* [PROBLEM REQUIREMENTS] Starting at the line with "bil i de snö.", copy each line through the last one below exactly as written, without any pictures.

* [DATA BELOW]
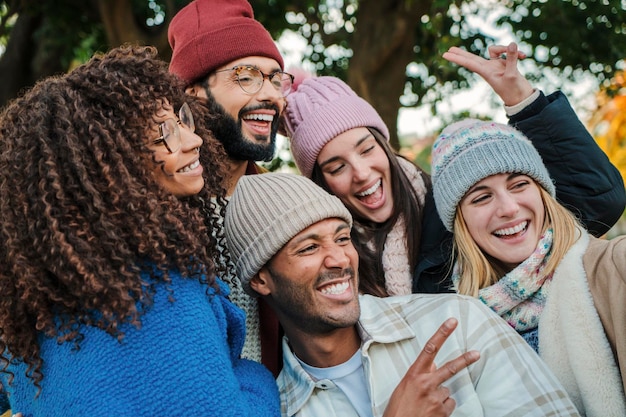 Primer plano retrato de un grupo de jóvenes caras sonriendo y divirtiéndose juntos Amigos felices multirraciales con sombreros abrigos y ropa otoñal disfrutando de un día de fin de semana Concepto de estilo de vida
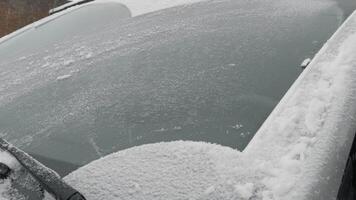 bil i de snö. bil vindrutetorkare rengöring snö på de glasyr vindskydd. fordon vänster på de gata i vinter- video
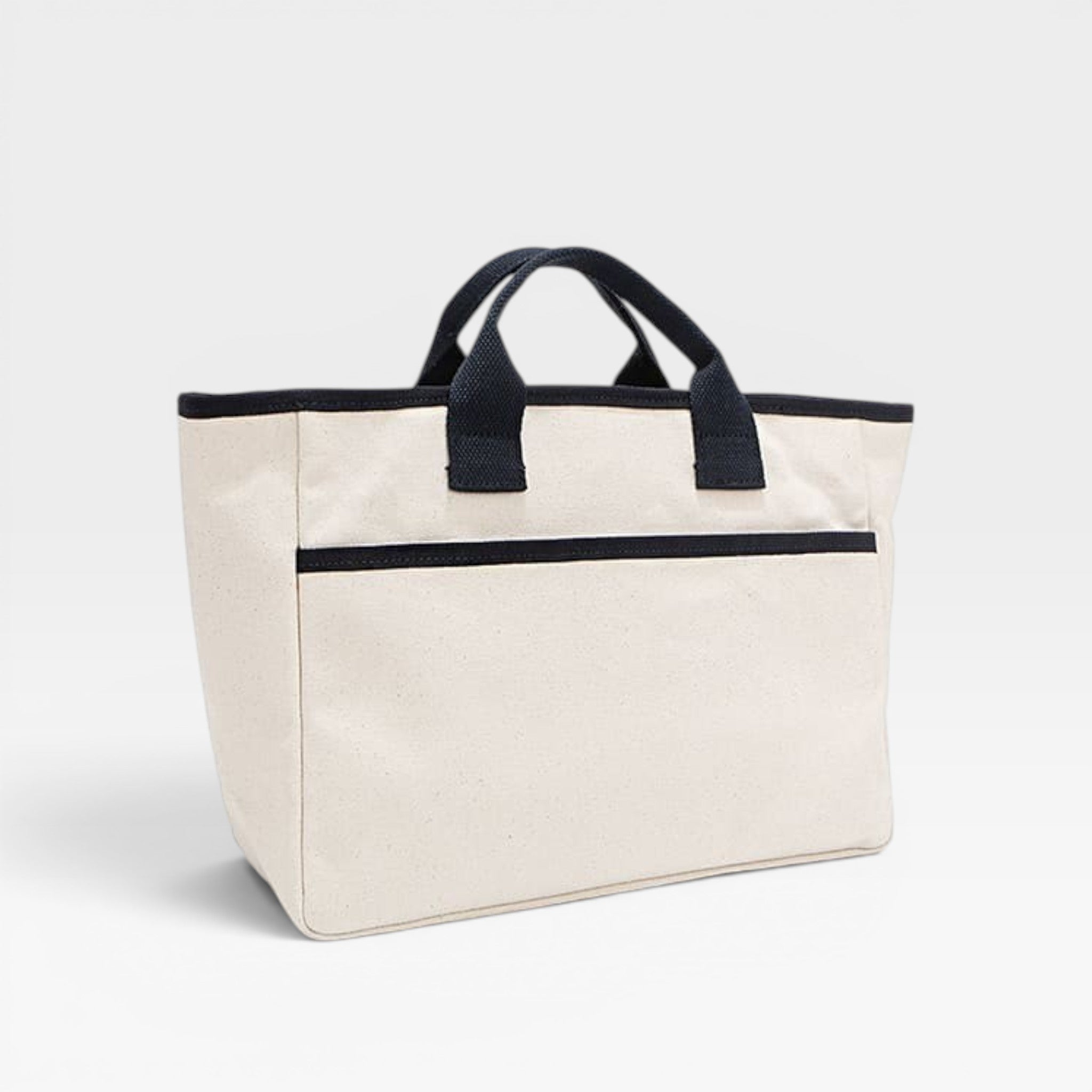 Beige tote bag with black handles and trim on a light gray background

* [SOLUTION TO THE EXERCISE]
 bil i de snö. bil vindrutetorkare rengöring snö på de glasyr vindskydd. fordon vänster på de gata i vinter- video
 Beige tote bag with black handles and trim on a light gray background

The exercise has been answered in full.